With the deepening of research, some researchers have proposed a kind of recursive data center network fault-tolerant method, which automatically classifies data in the process of data input, inputs different types of data in batches, and timely processes and repairs according to different types of data if data loss occurs [11]. This method does not fundamentally solve the problem of intermediate data generated in the process of cloud computing operation, nor does it propose a fault-tolerant method with strong applicability. Based on the analysis of intermediate data errors by using empirical formulas, other researchers have established a monitoring model to monitor the abnormal state of data input by using the parameters generated in the process of data transmission. When the state reaches a certain abnormal peak, the data input will be stopped immediately. The whole process of cloud computing transmission will be checked and evaluated to deal with potential problems in time. However, this method does not deal with intermediate data or repair intermediate data, but only establishes a monitoring and analysis model to judge the occurrence of potential risks in time, which has some limitations [12].

At the same time, with the development of the economy, the research on cost-benefit analysis is also on the rise. Relevant researchers combine cost-benefit analysis with machine learning algorithms and use data mining ideas to mine the rules of cost-benefit analysis to provide auxiliary support for decision-making [13]. Some relevant researchers establish statistical curves based on cost-benefit data and establish analytical models based on the rules found in the statistical process [14]. It can be seen that the combination of cost-benefit analysis and computer means has become a major research trend.

Through in-depth combing of the current research status, it can be found that the recursive data center network fault tolerance method and coding and decoding technology are widely used in cloud computing. But the recursive data center network fault tolerance method can not deal with the fault tolerance problem well. The recursive way is easy to affect the accuracy of the fault tolerance process, and the application of coding and decoding technology is simple. But the process is cumbersome.

To sum up, through the summary and analysis of the research status of cost-benefit analysis and cloud computing fault-tolerant methods, we can know that the research of intermediate data fault-tolerant methods of cloud computing accounting service platform supporting cost-benefit analysis is feasible. Therefore, through the understanding of accounting cost analysis, this study uses the network environment of accounting service platform to collect data from internal and external accounting service systems, transmit them to the data warehouse of data processing and storage layer for storage, and then construct a fault-tolerant model of intermediate data, which is solved by ant colony algorithm to analyze the cost-benefit and other accounting services. The interactive interface with the user is output so that the platform has higher intermediate data fault-tolerant efficiency.

Cloud computing accounting service platform intermediate data fault tolerance method

Cloud computing accounting service platform design

In this study, the cloud computing accounting service platform is firstly constructed.

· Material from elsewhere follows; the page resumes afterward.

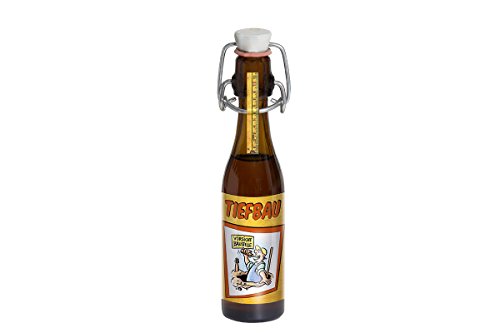 Weisenbach - VORSICHT BAUSTELLE - Motiv: "TIEFBAU" - 40ml Bügelverschlussflasche - Bier-Likör 20% vol. von Weisenbach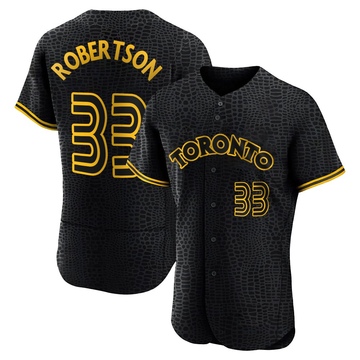 Authentic Nick Robertson Men's Toronto Blue Jays Black Snake Skin City Jersey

The platform architecture mainly includes data acquisition layer, data processing and storage layer and data output and display layer. In the process of platform operation, big data tagging and platform security mechanism are used. The platform architecture is shown in Fig. 1.

Fig. 1
figure 1

Cloud computing accounting service platform architecture

In Fig.1, since the platform in this paper is built based on the cloud computing model, the network environment is provided by the cloud service provider. In the data acquisition layer, the platform obtains accounting business data through different departments within the enterprise and external networks, including enterprise operating costs, industry development data and other information, and uniformly cleans these data and stores them in the data processing and storage layer, which calls the collected data to analyze the transaction costs and benefits of the enterprise. A fault-tolerant model of intermediate data is constructed to carry out fault-tolerant processing on the intermediate data generated in the process of analyzing the cost and benefit of the cloud computing accounting service platform and other accounting services, and then the processed data is integrated and stored in different databases; in the data output display layer, the processed enterprise transaction accounting service data is provided to users through different functional modules.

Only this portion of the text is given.